Electronic heat current fluctuations in a quantum dot

TL;DR

This paper investigates the fluctuations of heat current in a quantum dot system at finite frequency, voltage, and temperature, revealing how asymmetry and out-of-equilibrium conditions influence heat noise and its relation to radiative spectra.

Contribution

It provides a detailed theoretical analysis of non-symmetrized heat noise in quantum dots using nonequilibrium Green functions, including effects of coupling asymmetry and out-of-equilibrium conditions.

Findings

Heat noise is expressed as an energy integral with four contributions.

Asymmetry in reservoir coupling affects heat noise characteristics.

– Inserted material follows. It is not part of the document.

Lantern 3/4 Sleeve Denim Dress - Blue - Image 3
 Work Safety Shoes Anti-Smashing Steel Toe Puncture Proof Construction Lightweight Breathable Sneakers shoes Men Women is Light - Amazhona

In high transmission, heat noise relates to the radiative power spectrum, resembling an out-of-equilibrium Planck's law.

Abstract

The fluctuations of the heat current in a quantum dot coupled to electron reservoirs are calculated at finite frequency, voltage and temperature using the nonequilibrium Green function technique. The non-symmetrized heat noise is expressed as an integral on energy containing four contributions, each of which includes transmission amplitudes, electron-hole pair distribution functions and energy difference factors. The effect of the asymmetry of the couplings between the quantum dot and the reservoirs is studied. Features of the heat noise are highlighted and discussed for an equilibrium and an out-of-equilibrium quantum dot. In the latter case and within the high transmission limit, the heat noise is closely related to the radiative power spectrum, leading to an out-of-equilibrium Planck's law. Proposals for the measurement of the heat noise are discussed.